● Assigned task
In the entries that follow, find the word "natural" and report each line it is on.

[Short web captions]
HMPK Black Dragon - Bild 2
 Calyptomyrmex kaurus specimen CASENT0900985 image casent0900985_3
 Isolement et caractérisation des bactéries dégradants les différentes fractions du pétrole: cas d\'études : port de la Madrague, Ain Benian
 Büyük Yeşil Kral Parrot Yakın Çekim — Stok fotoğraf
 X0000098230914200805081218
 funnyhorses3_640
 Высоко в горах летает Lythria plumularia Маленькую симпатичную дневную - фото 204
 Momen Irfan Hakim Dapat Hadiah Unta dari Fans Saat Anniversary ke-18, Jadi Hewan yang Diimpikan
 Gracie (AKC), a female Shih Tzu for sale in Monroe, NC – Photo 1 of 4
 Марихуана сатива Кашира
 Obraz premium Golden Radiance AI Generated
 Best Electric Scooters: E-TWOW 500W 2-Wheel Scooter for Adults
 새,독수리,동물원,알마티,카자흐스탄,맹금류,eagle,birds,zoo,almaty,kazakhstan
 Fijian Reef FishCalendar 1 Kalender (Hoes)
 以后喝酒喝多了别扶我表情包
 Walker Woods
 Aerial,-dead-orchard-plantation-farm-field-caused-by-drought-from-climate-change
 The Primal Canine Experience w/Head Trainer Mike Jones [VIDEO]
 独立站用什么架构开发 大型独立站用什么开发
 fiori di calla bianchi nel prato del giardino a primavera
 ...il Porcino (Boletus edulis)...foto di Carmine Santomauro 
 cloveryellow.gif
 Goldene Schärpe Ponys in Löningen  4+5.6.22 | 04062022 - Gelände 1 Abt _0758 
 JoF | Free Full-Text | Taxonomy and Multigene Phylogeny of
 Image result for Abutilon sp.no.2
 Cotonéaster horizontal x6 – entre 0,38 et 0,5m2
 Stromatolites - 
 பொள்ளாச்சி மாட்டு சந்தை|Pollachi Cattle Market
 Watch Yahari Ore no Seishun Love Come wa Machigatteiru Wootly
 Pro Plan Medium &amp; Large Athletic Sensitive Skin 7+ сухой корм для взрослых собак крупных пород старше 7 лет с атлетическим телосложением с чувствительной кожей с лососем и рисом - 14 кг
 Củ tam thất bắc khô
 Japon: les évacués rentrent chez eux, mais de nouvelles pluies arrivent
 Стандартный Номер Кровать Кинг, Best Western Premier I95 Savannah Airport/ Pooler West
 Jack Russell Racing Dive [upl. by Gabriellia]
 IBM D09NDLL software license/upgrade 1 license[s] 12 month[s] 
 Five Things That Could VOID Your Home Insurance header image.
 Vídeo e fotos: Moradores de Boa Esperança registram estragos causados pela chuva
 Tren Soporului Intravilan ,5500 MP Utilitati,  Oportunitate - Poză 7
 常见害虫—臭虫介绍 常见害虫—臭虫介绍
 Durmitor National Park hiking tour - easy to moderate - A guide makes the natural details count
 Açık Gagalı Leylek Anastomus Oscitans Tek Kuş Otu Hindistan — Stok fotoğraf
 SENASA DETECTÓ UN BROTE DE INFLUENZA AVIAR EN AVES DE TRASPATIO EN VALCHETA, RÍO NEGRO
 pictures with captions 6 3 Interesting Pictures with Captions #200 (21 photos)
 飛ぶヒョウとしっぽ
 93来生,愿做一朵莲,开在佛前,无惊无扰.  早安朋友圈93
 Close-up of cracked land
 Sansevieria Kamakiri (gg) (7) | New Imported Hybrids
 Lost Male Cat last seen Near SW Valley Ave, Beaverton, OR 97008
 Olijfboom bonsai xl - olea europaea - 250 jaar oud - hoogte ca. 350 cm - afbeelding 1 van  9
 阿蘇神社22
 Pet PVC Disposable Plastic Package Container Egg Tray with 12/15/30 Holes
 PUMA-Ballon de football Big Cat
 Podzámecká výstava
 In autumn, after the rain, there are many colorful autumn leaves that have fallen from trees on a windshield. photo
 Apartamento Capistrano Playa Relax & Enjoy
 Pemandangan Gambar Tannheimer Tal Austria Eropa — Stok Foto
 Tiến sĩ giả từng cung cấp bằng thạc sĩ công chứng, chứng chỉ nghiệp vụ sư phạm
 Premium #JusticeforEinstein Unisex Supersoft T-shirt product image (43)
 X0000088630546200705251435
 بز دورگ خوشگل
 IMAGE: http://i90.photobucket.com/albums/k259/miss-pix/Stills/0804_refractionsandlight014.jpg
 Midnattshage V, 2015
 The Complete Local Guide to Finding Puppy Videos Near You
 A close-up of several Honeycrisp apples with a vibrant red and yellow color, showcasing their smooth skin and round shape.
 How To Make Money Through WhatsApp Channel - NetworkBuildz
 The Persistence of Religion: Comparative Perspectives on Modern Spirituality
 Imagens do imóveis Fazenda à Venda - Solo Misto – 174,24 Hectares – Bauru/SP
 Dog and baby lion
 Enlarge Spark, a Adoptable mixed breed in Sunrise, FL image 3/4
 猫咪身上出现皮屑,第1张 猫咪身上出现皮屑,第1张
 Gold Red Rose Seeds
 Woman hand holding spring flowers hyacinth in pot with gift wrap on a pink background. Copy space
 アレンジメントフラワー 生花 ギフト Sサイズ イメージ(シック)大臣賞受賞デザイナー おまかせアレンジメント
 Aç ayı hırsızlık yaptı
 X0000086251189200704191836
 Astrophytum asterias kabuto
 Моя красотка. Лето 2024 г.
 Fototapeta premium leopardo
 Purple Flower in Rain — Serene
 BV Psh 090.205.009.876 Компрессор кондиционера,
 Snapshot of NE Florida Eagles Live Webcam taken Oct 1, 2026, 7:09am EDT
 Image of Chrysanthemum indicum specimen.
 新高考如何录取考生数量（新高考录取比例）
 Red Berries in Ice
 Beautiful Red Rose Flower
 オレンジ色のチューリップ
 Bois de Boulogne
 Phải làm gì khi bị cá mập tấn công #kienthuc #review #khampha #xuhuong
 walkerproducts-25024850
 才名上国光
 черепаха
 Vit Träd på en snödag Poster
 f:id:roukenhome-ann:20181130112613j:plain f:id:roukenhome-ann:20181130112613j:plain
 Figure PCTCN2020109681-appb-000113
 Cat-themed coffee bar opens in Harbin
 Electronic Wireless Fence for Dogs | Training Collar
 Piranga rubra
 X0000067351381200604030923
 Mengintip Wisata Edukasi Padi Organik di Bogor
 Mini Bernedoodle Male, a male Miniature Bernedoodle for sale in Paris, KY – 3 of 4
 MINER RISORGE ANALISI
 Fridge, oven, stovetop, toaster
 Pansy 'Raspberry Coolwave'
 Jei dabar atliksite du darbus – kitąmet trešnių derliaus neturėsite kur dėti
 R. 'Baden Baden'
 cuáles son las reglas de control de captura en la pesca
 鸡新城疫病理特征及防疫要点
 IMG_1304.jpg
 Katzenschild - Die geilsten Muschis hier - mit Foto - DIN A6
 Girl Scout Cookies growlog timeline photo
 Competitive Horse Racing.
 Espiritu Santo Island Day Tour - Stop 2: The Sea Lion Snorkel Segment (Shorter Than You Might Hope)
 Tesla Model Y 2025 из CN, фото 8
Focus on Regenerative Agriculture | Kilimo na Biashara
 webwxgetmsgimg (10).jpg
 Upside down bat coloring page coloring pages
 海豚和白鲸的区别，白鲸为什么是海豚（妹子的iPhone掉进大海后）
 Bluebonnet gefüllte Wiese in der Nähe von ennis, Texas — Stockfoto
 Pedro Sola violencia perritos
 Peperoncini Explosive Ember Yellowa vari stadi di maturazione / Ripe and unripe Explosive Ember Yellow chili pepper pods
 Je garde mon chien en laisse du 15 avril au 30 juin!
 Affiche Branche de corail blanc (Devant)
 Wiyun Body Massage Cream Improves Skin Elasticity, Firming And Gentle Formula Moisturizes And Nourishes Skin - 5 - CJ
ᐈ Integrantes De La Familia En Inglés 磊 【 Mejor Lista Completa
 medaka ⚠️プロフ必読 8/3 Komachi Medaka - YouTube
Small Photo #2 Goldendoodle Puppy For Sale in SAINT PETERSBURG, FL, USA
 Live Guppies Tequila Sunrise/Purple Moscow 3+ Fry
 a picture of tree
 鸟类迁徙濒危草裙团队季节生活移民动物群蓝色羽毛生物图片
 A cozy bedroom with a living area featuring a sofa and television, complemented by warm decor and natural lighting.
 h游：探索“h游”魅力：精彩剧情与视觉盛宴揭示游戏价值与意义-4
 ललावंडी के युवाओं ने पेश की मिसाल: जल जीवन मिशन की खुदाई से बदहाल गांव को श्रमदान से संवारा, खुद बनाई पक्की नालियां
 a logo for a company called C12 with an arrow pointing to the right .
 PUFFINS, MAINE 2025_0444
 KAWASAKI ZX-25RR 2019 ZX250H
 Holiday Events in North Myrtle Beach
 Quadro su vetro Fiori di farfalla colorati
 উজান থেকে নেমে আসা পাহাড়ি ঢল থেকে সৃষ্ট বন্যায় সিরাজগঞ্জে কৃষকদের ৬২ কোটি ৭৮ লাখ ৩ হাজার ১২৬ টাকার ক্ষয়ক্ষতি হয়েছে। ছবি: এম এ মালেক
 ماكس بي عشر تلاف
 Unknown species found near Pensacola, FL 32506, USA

● Task answer
 Durmitor National Park hiking tour - easy to moderate - A guide makes the natural details count
 A cozy bedroom with a living area featuring a sofa and television, complemented by warm decor and natural lighting.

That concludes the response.